Prompt
Could you copy every record below exactly as it is written?

Scraped caption text data

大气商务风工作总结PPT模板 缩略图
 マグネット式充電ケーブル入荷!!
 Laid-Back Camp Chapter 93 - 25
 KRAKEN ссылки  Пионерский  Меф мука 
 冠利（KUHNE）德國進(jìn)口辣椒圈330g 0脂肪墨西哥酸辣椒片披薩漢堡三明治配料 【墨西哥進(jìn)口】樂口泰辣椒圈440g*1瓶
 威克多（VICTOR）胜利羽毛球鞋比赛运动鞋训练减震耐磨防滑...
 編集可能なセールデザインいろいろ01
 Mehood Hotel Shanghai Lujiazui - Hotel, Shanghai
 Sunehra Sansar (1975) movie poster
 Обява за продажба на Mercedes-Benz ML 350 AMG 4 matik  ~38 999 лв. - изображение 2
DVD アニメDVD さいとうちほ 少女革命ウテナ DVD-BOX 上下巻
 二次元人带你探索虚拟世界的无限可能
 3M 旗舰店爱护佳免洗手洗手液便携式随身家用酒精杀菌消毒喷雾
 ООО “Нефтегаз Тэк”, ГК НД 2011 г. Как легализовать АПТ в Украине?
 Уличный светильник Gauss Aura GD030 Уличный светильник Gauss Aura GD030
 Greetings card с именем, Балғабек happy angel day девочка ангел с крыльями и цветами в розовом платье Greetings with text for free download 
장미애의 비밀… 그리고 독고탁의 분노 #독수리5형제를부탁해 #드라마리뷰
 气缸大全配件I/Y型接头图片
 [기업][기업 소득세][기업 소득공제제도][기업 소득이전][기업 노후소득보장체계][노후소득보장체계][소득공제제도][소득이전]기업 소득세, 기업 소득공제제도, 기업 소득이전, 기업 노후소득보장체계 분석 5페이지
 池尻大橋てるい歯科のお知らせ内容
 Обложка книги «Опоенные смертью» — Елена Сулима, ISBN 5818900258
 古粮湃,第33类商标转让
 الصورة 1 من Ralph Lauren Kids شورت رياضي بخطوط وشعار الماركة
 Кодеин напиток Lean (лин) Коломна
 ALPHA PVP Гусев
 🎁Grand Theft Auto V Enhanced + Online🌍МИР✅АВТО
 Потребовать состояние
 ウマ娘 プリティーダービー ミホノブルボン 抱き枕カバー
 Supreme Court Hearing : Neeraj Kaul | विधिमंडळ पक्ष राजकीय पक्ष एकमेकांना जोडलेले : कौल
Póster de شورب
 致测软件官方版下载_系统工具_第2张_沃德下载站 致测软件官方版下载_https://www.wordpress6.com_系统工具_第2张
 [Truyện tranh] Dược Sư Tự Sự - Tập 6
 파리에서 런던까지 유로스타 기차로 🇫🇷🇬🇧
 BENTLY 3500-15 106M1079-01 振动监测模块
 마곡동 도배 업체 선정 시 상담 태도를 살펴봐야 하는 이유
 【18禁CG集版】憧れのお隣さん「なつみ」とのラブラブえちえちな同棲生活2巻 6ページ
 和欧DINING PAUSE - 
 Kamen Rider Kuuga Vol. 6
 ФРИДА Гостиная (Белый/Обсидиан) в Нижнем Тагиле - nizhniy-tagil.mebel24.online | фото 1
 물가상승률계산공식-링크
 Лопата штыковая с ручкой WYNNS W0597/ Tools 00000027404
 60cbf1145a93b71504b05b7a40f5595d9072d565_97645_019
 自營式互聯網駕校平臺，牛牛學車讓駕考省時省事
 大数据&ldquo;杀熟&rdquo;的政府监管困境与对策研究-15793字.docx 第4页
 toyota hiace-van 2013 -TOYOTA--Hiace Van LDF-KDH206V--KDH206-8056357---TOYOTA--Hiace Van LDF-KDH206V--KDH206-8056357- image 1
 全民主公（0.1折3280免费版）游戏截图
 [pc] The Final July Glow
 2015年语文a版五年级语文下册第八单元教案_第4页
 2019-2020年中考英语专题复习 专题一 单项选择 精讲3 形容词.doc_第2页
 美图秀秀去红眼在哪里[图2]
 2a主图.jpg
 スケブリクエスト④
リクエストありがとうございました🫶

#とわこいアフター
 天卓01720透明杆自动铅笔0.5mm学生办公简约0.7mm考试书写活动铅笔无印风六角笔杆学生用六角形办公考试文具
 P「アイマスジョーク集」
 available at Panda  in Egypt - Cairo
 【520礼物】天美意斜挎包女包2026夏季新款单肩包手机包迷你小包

Expected output
大气商务风工作总结PPT模板 缩略图
 マグネット式充電ケーブル入荷!!
 Laid-Back Camp Chapter 93 - 25
 KRAKEN ссылки  Пионерский  Меф мука 
 冠利（KUHNE）德國進(jìn)口辣椒圈330g 0脂肪墨西哥酸辣椒片披薩漢堡三明治配料 【墨西哥進(jìn)口】樂口泰辣椒圈440g*1瓶
 威克多（VICTOR）胜利羽毛球鞋比赛运动鞋训练减震耐磨防滑...
 編集可能なセールデザインいろいろ01
 Mehood Hotel Shanghai Lujiazui - Hotel, Shanghai
 Sunehra Sansar (1975) movie poster
 Обява за продажба на Mercedes-Benz ML 350 AMG 4 matik  ~38 999 лв. - изображение 2
DVD アニメDVD さいとうちほ 少女革命ウテナ DVD-BOX 上下巻
 二次元人带你探索虚拟世界的无限可能
 3M 旗舰店爱护佳免洗手洗手液便携式随身家用酒精杀菌消毒喷雾
 ООО “Нефтегаз Тэк”, ГК НД 2011 г. Как легализовать АПТ в Украине?
 Уличный светильник Gauss Aura GD030 Уличный светильник Gauss Aura GD030
 Greetings card с именем, Балғабек happy angel day девочка ангел с крыльями и цветами в розовом платье Greetings with text for free download 
장미애의 비밀… 그리고 독고탁의 분노 #독수리5형제를부탁해 #드라마리뷰
 气缸大全配件I/Y型接头图片
 [기업][기업 소득세][기업 소득공제제도][기업 소득이전][기업 노후소득보장체계][노후소득보장체계][소득공제제도][소득이전]기업 소득세, 기업 소득공제제도, 기업 소득이전, 기업 노후소득보장체계 분석 5페이지
 池尻大橋てるい歯科のお知らせ内容
 Обложка книги «Опоенные смертью» — Елена Сулима, ISBN 5818900258
 古粮湃,第33类商标转让
 الصورة 1 من Ralph Lauren Kids شورت رياضي بخطوط وشعار الماركة
 Кодеин напиток Lean (лин) Коломна
 ALPHA PVP Гусев
 🎁Grand Theft Auto V Enhanced + Online🌍МИР✅АВТО
 Потребовать состояние
 ウマ娘 プリティーダービー ミホノブルボン 抱き枕カバー
 Supreme Court Hearing : Neeraj Kaul | विधिमंडळ पक्ष राजकीय पक्ष एकमेकांना जोडलेले : कौल
Póster de شورب
 致测软件官方版下载_系统工具_第2张_沃德下载站 致测软件官方版下载_https://www.wordpress6.com_系统工具_第2张
 [Truyện tranh] Dược Sư Tự Sự - Tập 6
 파리에서 런던까지 유로스타 기차로 🇫🇷🇬🇧
 BENTLY 3500-15 106M1079-01 振动监测模块
 마곡동 도배 업체 선정 시 상담 태도를 살펴봐야 하는 이유
 【18禁CG集版】憧れのお隣さん「なつみ」とのラブラブえちえちな同棲生活2巻 6ページ
 和欧DINING PAUSE - 
 Kamen Rider Kuuga Vol. 6
 ФРИДА Гостиная (Белый/Обсидиан) в Нижнем Тагиле - nizhniy-tagil.mebel24.online | фото 1
 물가상승률계산공식-링크
 Лопата штыковая с ручкой WYNNS W0597/ Tools 00000027404
 60cbf1145a93b71504b05b7a40f5595d9072d565_97645_019
 自營式互聯網駕校平臺，牛牛學車讓駕考省時省事
 大数据&ldquo;杀熟&rdquo;的政府监管困境与对策研究-15793字.docx 第4页
 toyota hiace-van 2013 -TOYOTA--Hiace Van LDF-KDH206V--KDH206-8056357---TOYOTA--Hiace Van LDF-KDH206V--KDH206-8056357- image 1
 全民主公（0.1折3280免费版）游戏截图
 [pc] The Final July Glow
 2015年语文a版五年级语文下册第八单元教案_第4页
 2019-2020年中考英语专题复习 专题一 单项选择 精讲3 形容词.doc_第2页
 美图秀秀去红眼在哪里[图2]
 2a主图.jpg
 スケブリクエスト④
リクエストありがとうございました🫶

#とわこいアフター
 天卓01720透明杆自动铅笔0.5mm学生办公简约0.7mm考试书写活动铅笔无印风六角笔杆学生用六角形办公考试文具
 P「アイマスジョーク集」
 available at Panda  in Egypt - Cairo
 【520礼物】天美意斜挎包女包2026夏季新款单肩包手机包迷你小包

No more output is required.